Which is true. Coal won't. It's time to end coal. It is possible and beneficial both economically and politically. Oil will stay around for decades no matter what; natural gas for the time being is even beneficial for energy transition and suppressing it is the last thing we need to do.

>“But [the industry] is trying to expand the fossil fuel system, expand pipelines, expand fracking, and make more of our economy and our existence dependent on fossil fuels, even though clean energy is advancing at a rapid rate.”

So good, let them both advance at a rapid rate and see who wins.

4 comments

>renewables are at a point they can survive and grow by themselves without being artificially propped and prioritised.

Yet oil was at that phase over a hundred years ago.....and we still to this day prop up O&G companies with massive tax breaks and other benefits.

I'm all for cutting resources to Green Energy to make it more able to stand on its own economically. But we MUST do that for Oil as well, and thinking that we don't spend insane amounts of money securing oil (think wars) and developing its efficiency is just crazy. I'm all for spending the same amount $$-wise on Green energy as we have oil.

Oil was given plenty of time and money to develop into the industry it is. Green energy should be given the same.

> Globally, fossil fuel subsidies were $7 trillion in 2022 or 7.1 percent of GDP.... Differences between efficient prices and retail fuel prices are large and pervasive, for example, 80 percent of global coal consumption was priced at below half of its efficient level in 2022. [1]

Fossil fuels will die a lot quicker if we stop subsiding them to the tune of 7% of global GDP, i.e. 7% of all economic activity globally is redirected to make fossil fuels cheaper. To put it yet another way, if you work 250 days/year (50 weeks, 5 days/week), then 17.5 days of your work is redirected to make fossil fuels cheaper.

[1] https://www.imf.org/en/Publications/WP/Issues/2023/08/22/IMF...

> fossil fuel subsidies were $7 trillion in 2022

Nearly all of that "subsidy" is the lack of taxation of the negative externalities of fossil fuels. Even fossil fuel propaganda isn't this disingenuous with the way it frames things. That's like saying that fossil fuels are under-subsidized by trillions of dollars because they are used to power hospitals and can be used to power hospitals in Africa.

Depends on your political values. Many people think it is mandatory for governments to directly tax products with large negative externalities enough to price in those externalities. If a fossil fuel extraction system poisons a river, that needs to be priced in. If the government fails to tax what is mandatorily society's due, then it is a subsidy. Because we have to pay for the poisoned river in other ways.

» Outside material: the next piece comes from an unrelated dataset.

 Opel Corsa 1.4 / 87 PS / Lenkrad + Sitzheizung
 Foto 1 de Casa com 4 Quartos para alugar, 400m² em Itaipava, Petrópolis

> fossil fuels are under-subsidized by trillions of dollars because they are used to power hospitals

Nope. Governments/patients pay hospitals for their services, then hospitals pay power companies the market price for their services.

That seems fair to me. Negative externalities are part of the cost we all pay (not the oil companies), just like other forms of subsidy.
Renewables can lose subsidies when fossil fuel externalities are baked into their prices. Until then, full steam ahead until the last gallon or BTU is burned.
The issue isn't the role oil plays in society, but the financial effect changes have on publicly traded oil companies.

After all, horseshoers still exist, but that career path was mostly obliterated by the automobile.